Newmark to Shepherd Sale of $60B in Signature Loans

reprints


The federal government is leaning on the private sector to help unwind Signature Bank (SBNY)’s vast commercial real estate loan portfolio. 

The Federal Deposit Insurance Corporation (FDIC) has tapped Newmark (NMRK) to sell roughly $60 billion of loans originated by Signature, which failed earlier this month amid a wider regional banking crisis.

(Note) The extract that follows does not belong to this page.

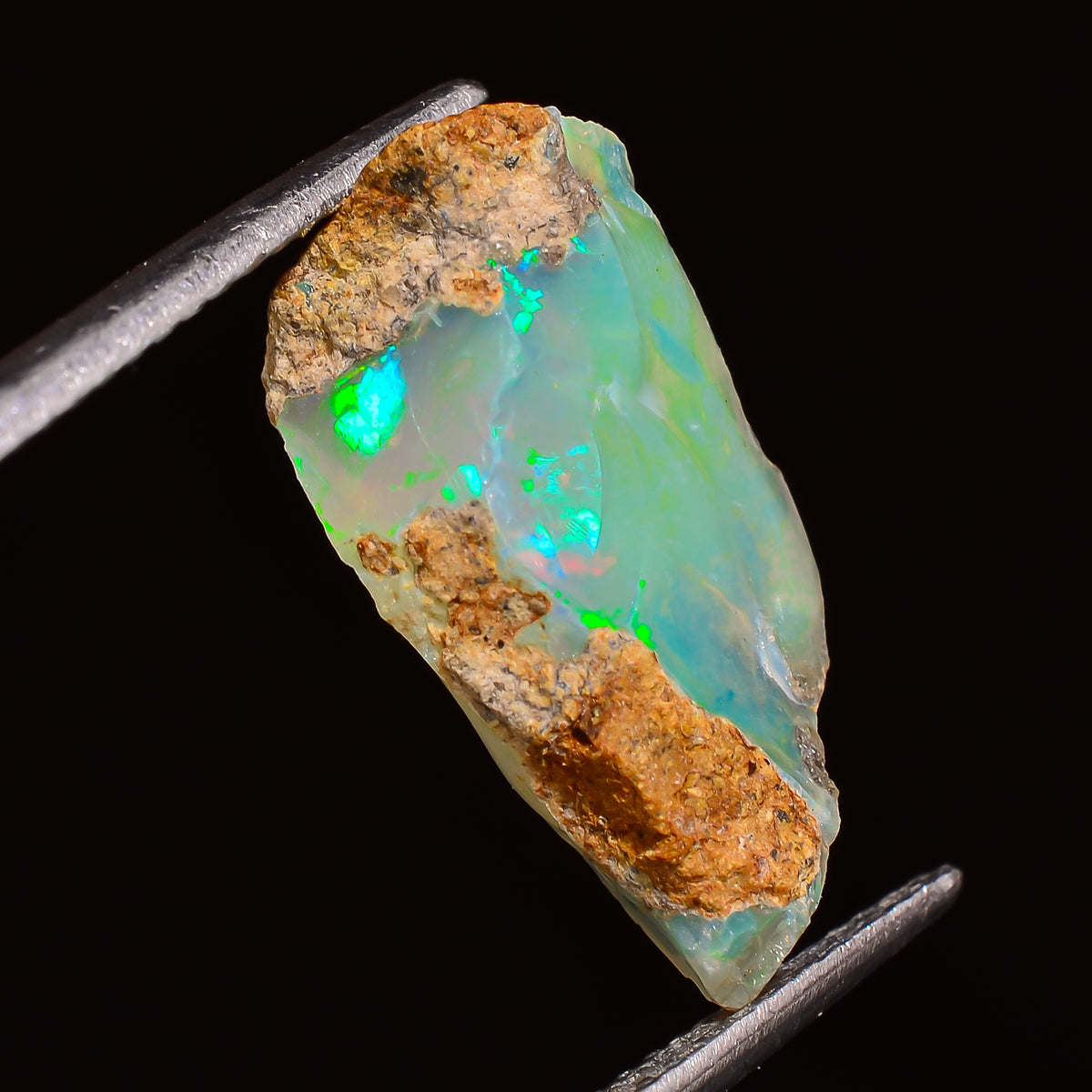 Exclusive Top Grade Quality 100% Natural Welo Fire Ethiopian Opal Fancy Rough Loose Gemstone For Making Jewelry 18X8X5 MM 05.00 Cts. KR28-33 Sunkarton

The news was first reported by The Wall Street Journal

SEE ALSO: Prime US REIT, KBS Secure $550M Refi of Office Portfolio

Manhattan-based Signature, one of the top lenders of commercial real estate loans in all of New York City, was seized by federal regulators on March 12 shortly after the collapse of California-based Silvergate Bank on March 8 and Silicon Valley Bank (SIVBQ) on March 10. Signature held more than $110 billion in assets and roughly $88 billion in deposits prior to its collapse, according to the firm’s annual report. 

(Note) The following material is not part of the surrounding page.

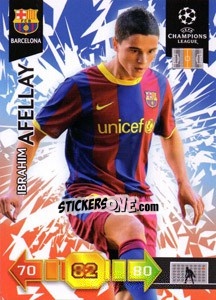 Sticker Ibrahim Afellay - UEFA Champions League 2010-2011. Adrenalyn XL n. U8 - Panini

Newmark’s Adam Spies, Doug Harmon, Dustin Stolly, Jordan Roeschlaub, and John Howley — acting as FDIC representative — are leading the sale, several sources familiar with the process said. 

A source familiar with the sale said the loans will be structured into pools but the sizes of the loan pools remain unknown.

The majority of Signature’s lending activities were in New York City, where they were the third-largest CRE lender with about $20 billion in loans, including around $15 billion for multifamily properties, according to data from Maverick Real Estate Partners. That made up the bulk of its $35.2 billion CRE portfolio, according to Trepp.

The loan portfolio should be considered high-performing, according to George Klett, former chairman of Signature’s commercial real estate committee, but many of the loans will be be sold below market value because they were prior to the Fed’s interest rate increase. 

“The vast majority of loans are five-year, fixed rate [loans],” said Klett. “Those loans that might have two or three years left, they might have an interest rate of 2 percent or 3 percent below market rate, but they are performing and they will pay off eventually.”

Klett said he expects the loans to be eventually bought at a discount.  

“In this case, they will be looking for a discount because the interest rate on the loans is below market and that’s why a bidder will most likely be bidding at a discount to make up the difference,” he said.  

Newmark is now the second third-party buyer to be brought in to carry on the remains of Signature’s failed business, with the same team also being hired back in February — prior to Signature’s failure — to sell the bank’s performing loan on the McGraw-Hill Building at 330 West 42nd Street

Last week, the FDIC announced the sale of $38.4 billion of Signature’s assets to New York Community Bancorp, including $12.9 billion of commercial and industrial loans. The $2.7 billion shotgun marriage instantly converted 40 Signature branches to Flagstar Bank, a subsidiary of New York Community Bancorp, but left more than $60 billion of Signature loans still in FDIC control, including its entire commercial real estate loan portfolio. 

That now falls in the hands of Newmark. CO had earlier reported that multiple bids for the real estate loans came in below par, which is one of the reasons the assets were not included in the Flagstar deal. 

A representative at Newmark did not return a request to comment.